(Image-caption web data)
<<<<

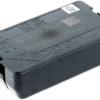 BATTERY LI-ION 18V, 2.0AH, 36.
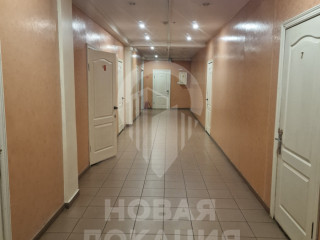 Фотография Аренда офиса, 24 м² , Октябрьская улица 127  №5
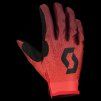 glove 350 DIRT EVO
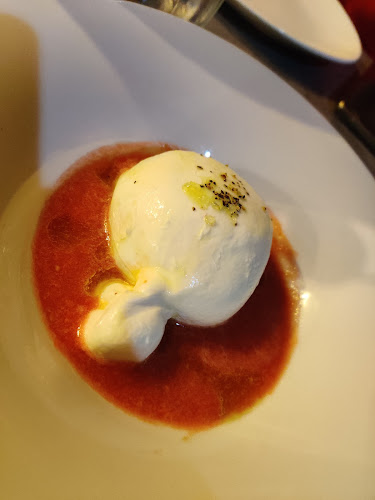 פרישמן 90, תל אביב-יפו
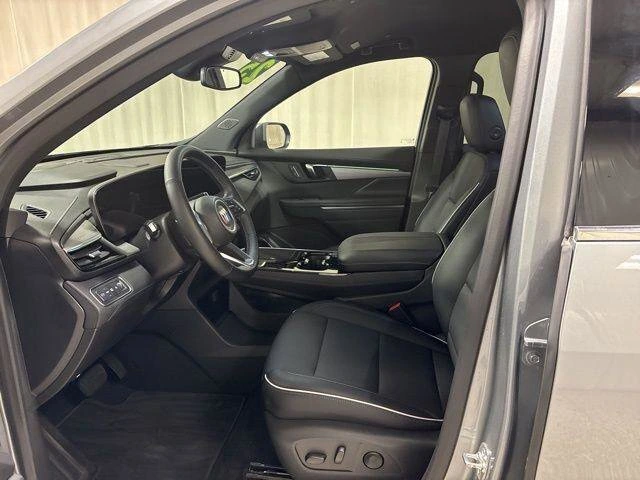 image-13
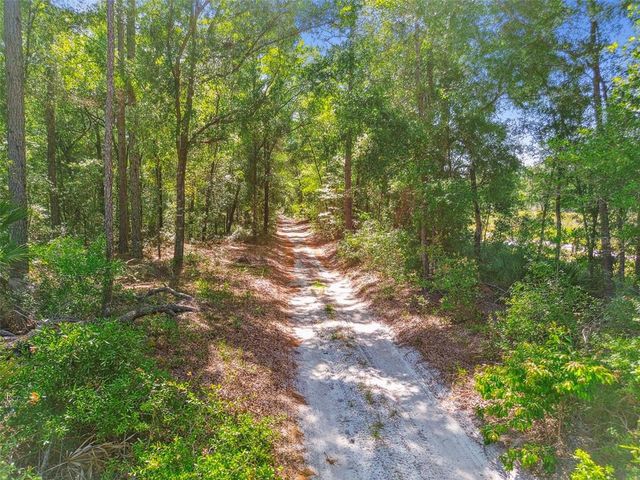 TBD SW 150TH ST, Dunnellon, FL 34432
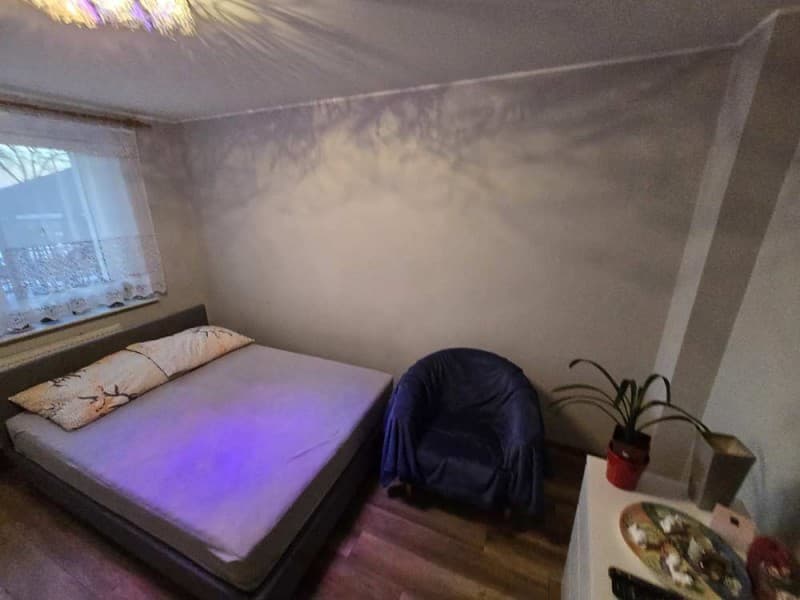 Zdjęcie 7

>>>>

• [ABOUT THIS TASK]
Your output should be exactly the lines of the records above from the one with "Фотография Аренда офиса, 24" through the last, both ends included, with pictures excluded.

• [PROBLEM SOLUTION]
 Фотография Аренда офиса, 24 м² , Октябрьская улица 127  №5
 glove 350 DIRT EVO
 פרישמן 90, תל אביב-יפו
 image-13
 TBD SW 150TH ST, Dunnellon, FL 34432
 Zdjęcie 7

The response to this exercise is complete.